Dynactin-P50 (DynP50), βAPP, and hyperphosphorylated tau in neurofibrillary tangles (NFT) localization in AD and neurologically normal controls (AMC). (A) Dynactin-P50 (red), βAPP (green), and NFT (blue) were detected by immunofluorescence in hippocampal tissue of AD and neurologically normal individuals (AMC). In AMC (top row), note the absence of neurofibrillary tangles, and increased dynactin-P50 and βAPP compared to AD (middle and bottom rows). Further, DynP50 and βAPP appear brighter in somas of AMC vs. somas of AD without NFTs (white arrows). Dynactin-P50, APP, and NFT immunoreactivity was observed in anuclear bulbous neurites (yellow arrows).
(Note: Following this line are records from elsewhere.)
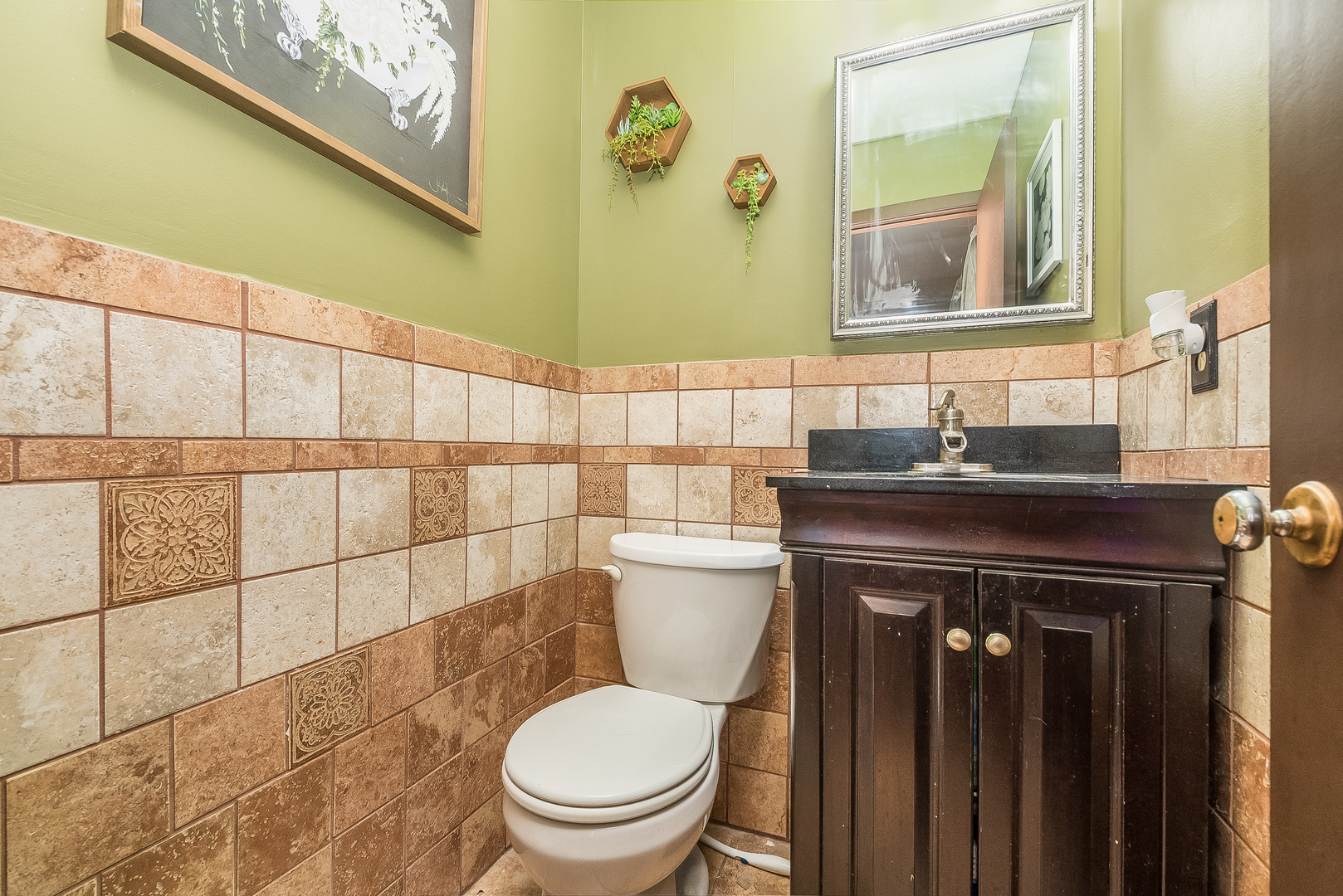23 Fernwood Road Montgomery, IL 60538 - Photo 8 of 17 a bathroom with a sink a toilet and a mirror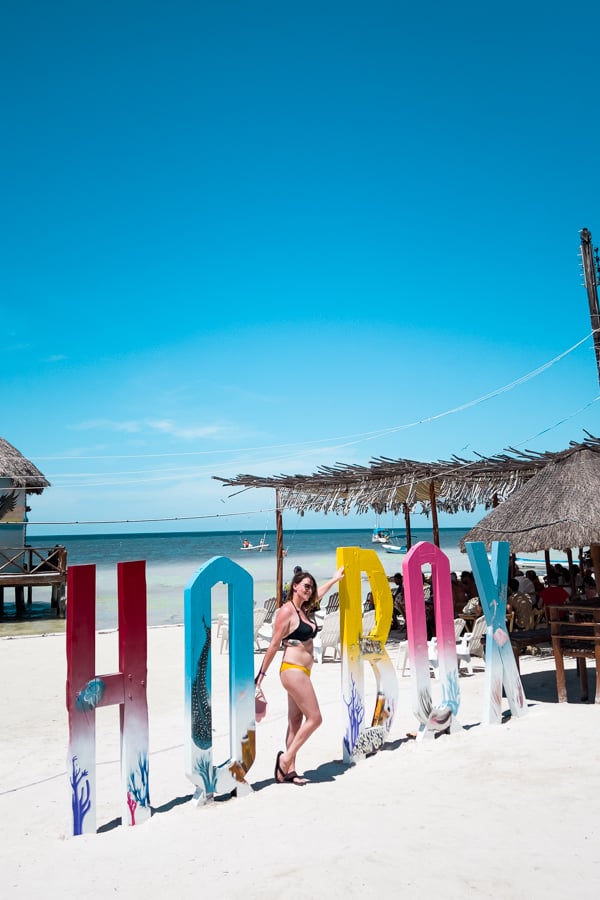 Taking photos at the famous Holbox sign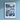 a poster hanging on the wall of a blue room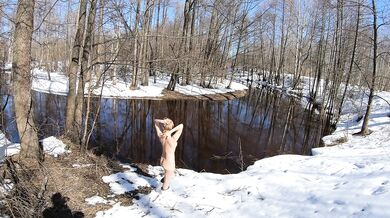 Naked girl in a winter village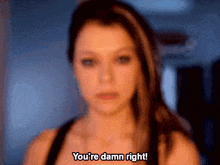 a blurry picture of a woman with the words you 're damn right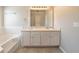 Bright bathroom featuring a double sink vanity with neutral wall and floor tiles at 1401 Kala Dr, Lithonia, GA 30058
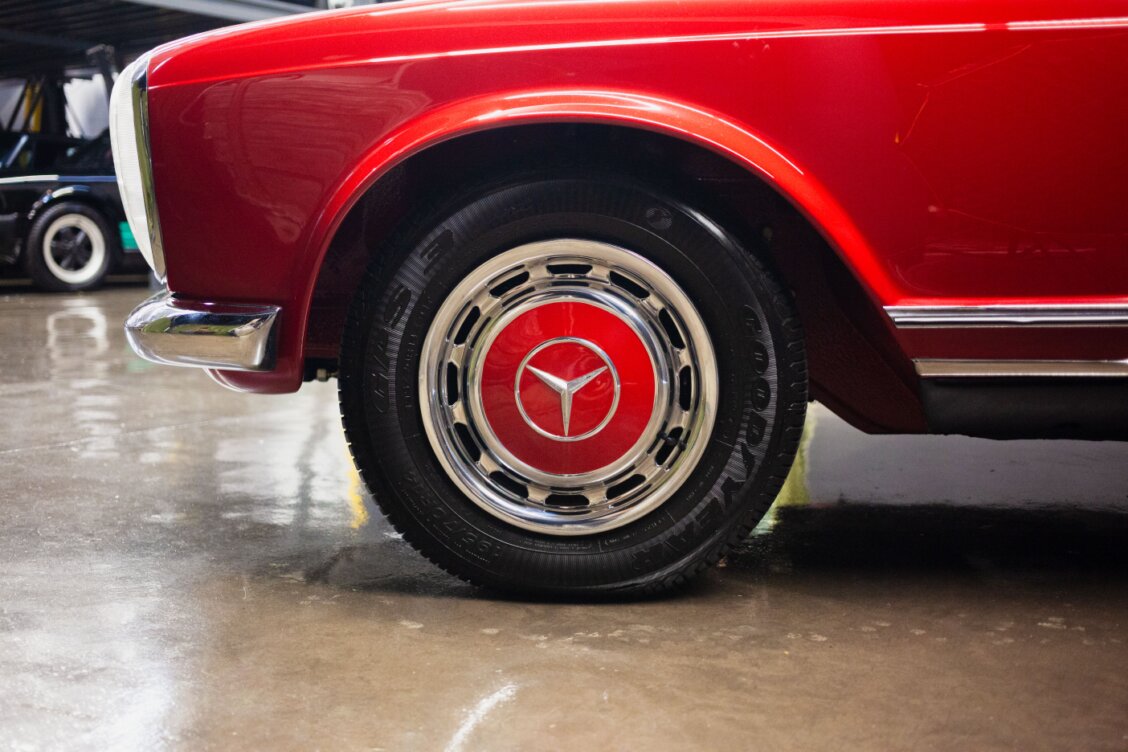 Bild von Deybson Mallony auf Pexels: Nahaufnahme eines roten Oldtimers mit sichtbar montiertem Vorderreifen und Radkappe in einer Garage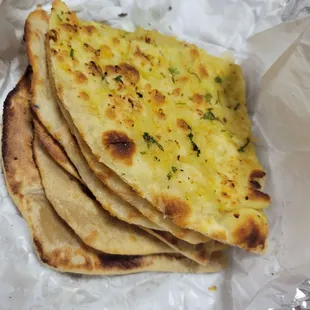 Garlic naan (paratha under it)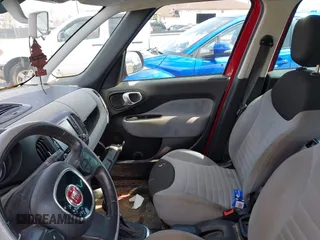 2014 FIAT 500L Easy with VIN ZFBCFABH4EZ018172, listed as a IAAI auction lot 42099424 with 138,650 mi miles and . Bid and sale history available at DreamBid. Image 5.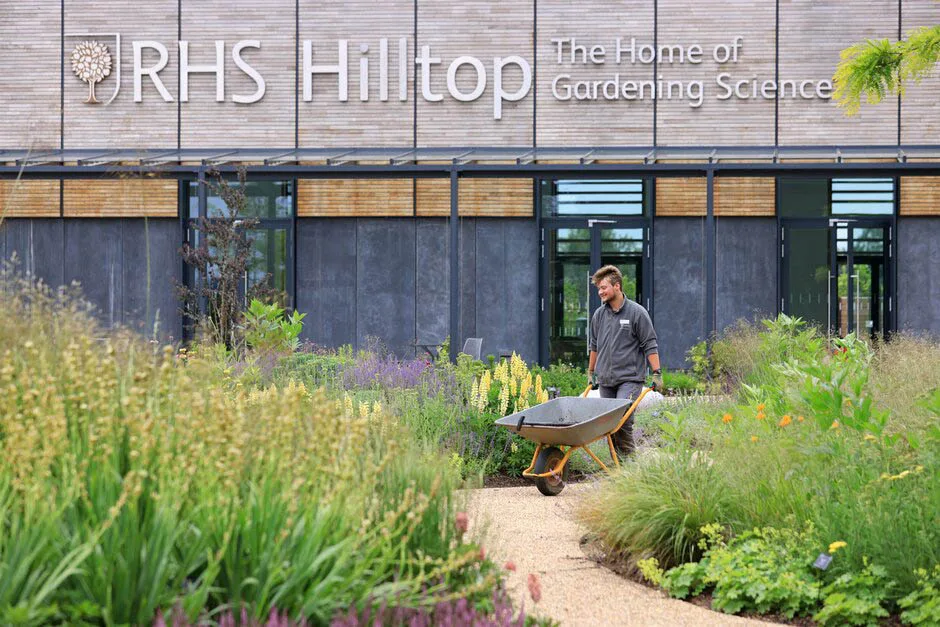 Aiden Couzens, horticulturalist, making final preparations to the Wellbeing Garden at RHS Hilltop ñ The Home of Gardening Science, at RHS Garden Wisley. June 2021. RHS Garden Wisley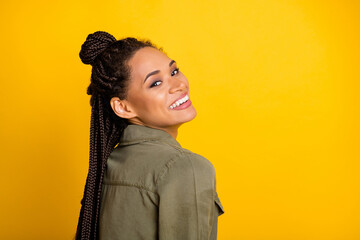 Photo portrait of cute charming girl smiling laughing looking behind back isolated on vivid yellow...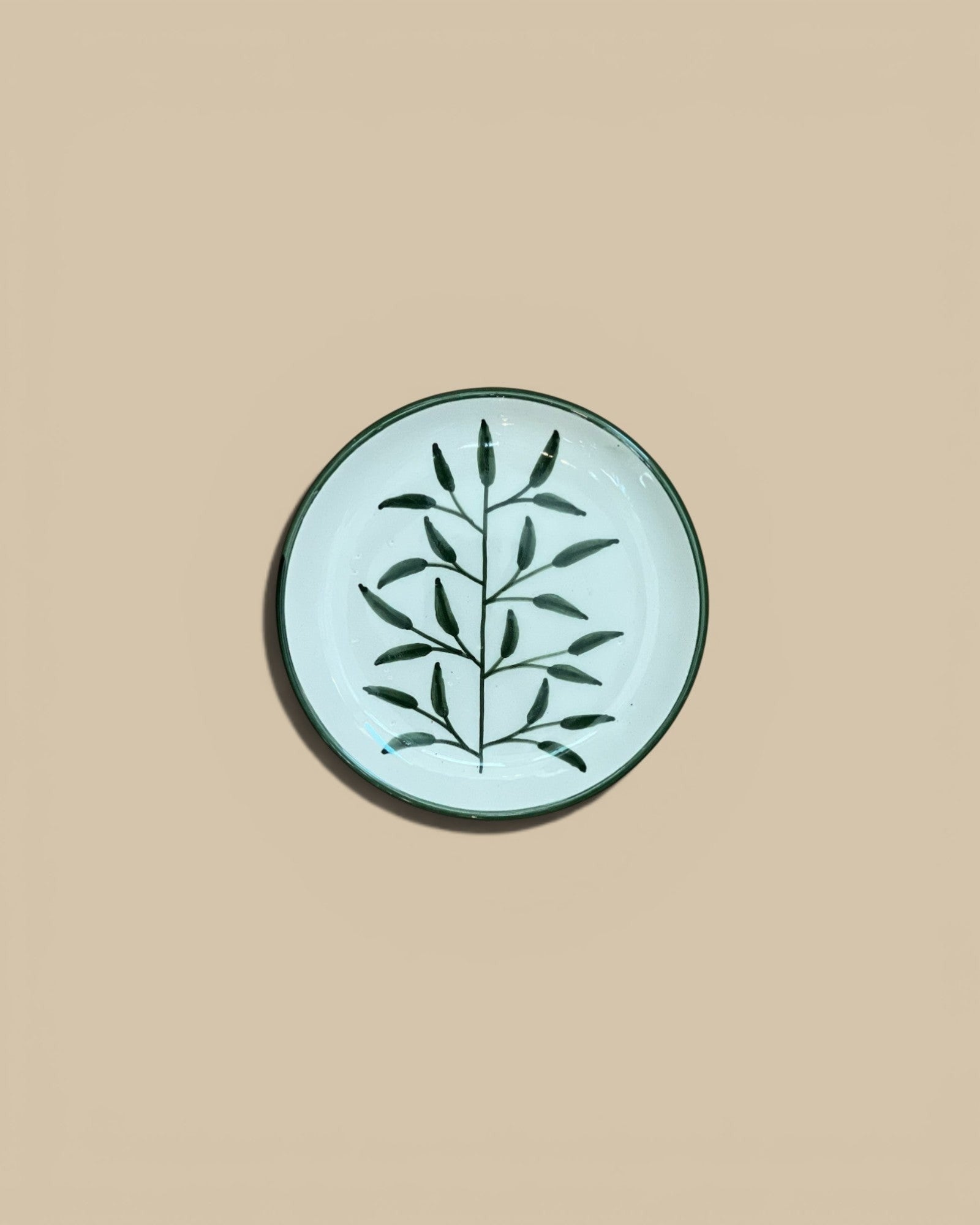 Homestyle Collective 5" round stoneware plate with hand-painted botanical design in dark green on cream.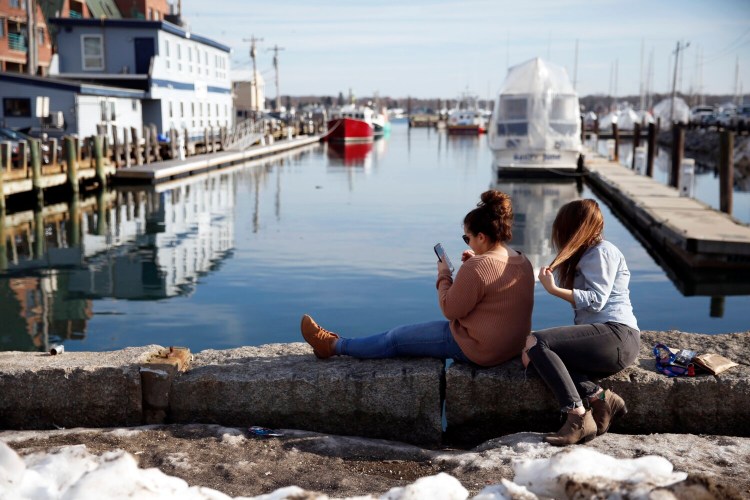 PORTLAND, ME - FEBRUARY 21: University of Southern Maine students Jordanna Ford, left, and Delaney O'Connor take in the unseasonably warm weather on the Old Port waterfront adajcent to Portland Pier. (Staff photo by Ben McCanna/Staff Photographer)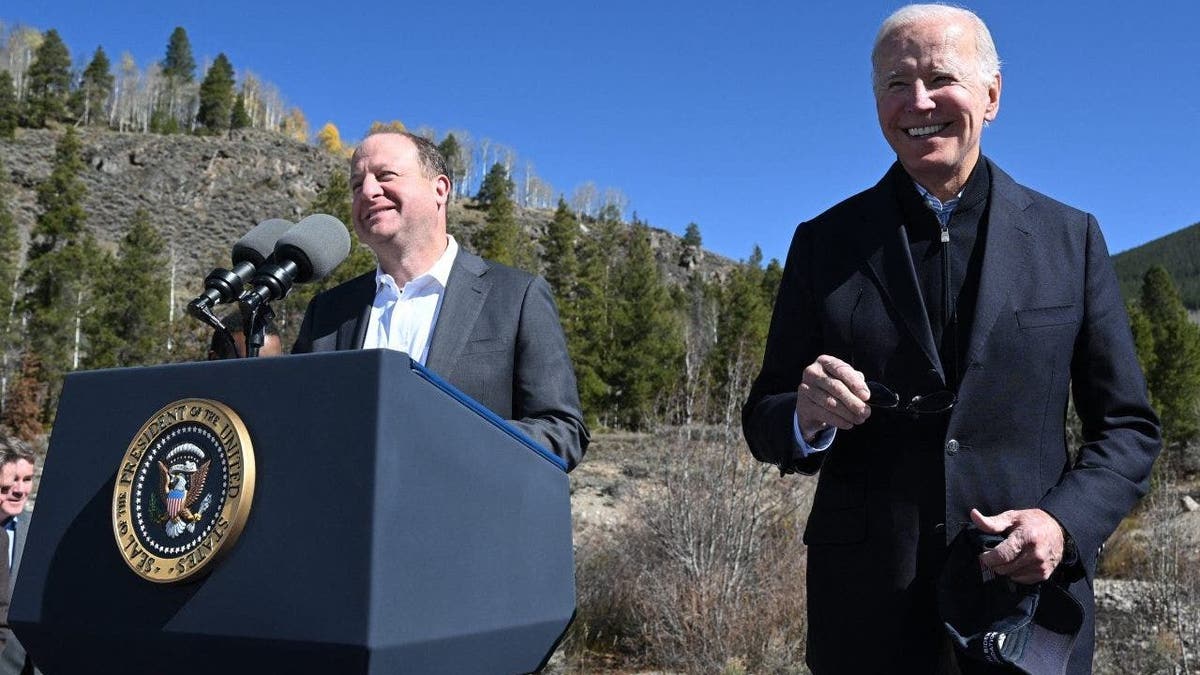 US President Joe Biden (R) smiles as Colorado Governor Jared Polis delivers remarks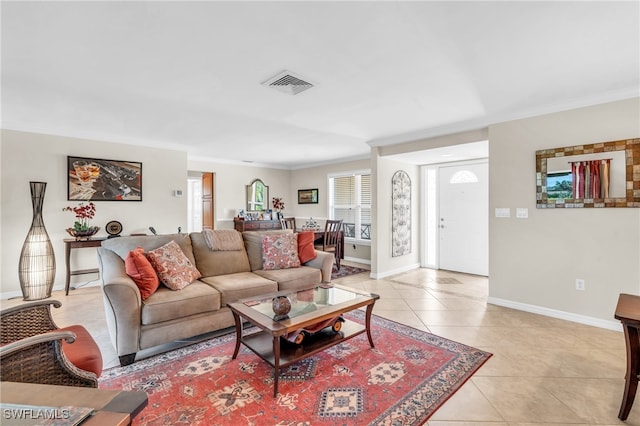 tiled living room featuring ornamental molding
AD somas containing NFTs showed the highest immunoreactivity in AD for dynactin-P50, and βAPP, implying possible aggregation of all three antigens (red arrows). (B) Duolink proximity ligation assay (PLA) detects immunogens within 40 nm distance in tissue sections. Image shows neuritic plaque enriched with dynactin-P50 and P-tau in close proximity.

Figure 6

Comparison of tissue levels of dynactin-P50 (DynP50), P-tau, and synaptophysin (Syn) in Alzheimer patients with APOE ε3,3 vs. ε4,4. (A) Dynactin-P50 (green) was less in AD patients with APOE ε4,4, than in those with ε3,3, while (B) P-tau was increased in ε4,4. Representative images. (C) Fluorescence intensity quantification of P-tau and dynactin-P50 levels in AD patients with ε3,3 vs. ε4,4. (D) Steady state protein levels, relative to that of actin, of P-tau in Alzheimer patients with ε3,3 were lower than levels in those with ε4,4, while synaptophysin and dynactin-P50 levels were higher in ε3,3 compared with ε4,4. (E) Western blot comparison of protein levels in AD vs. Control, and between AD ε3,3 vs. AD ε4,4. Actin was used as loading control. Lanes in gray boxes demonstrate a patient with APOE ε3,3 genotype with similar levels of proteins to those in a patient with APOE ε4,4 genotype, suggestive of the possible presence of Alzheimer risk factors aside from APOE genotype. Wilcoxon-Mann-Whitney Rank Sum Test was used for statistical significance, with ^*denoting p ≤ 0.05 and ^**denoting p ≤ 0.01. Data reported as group mean with error bars denoting SEM.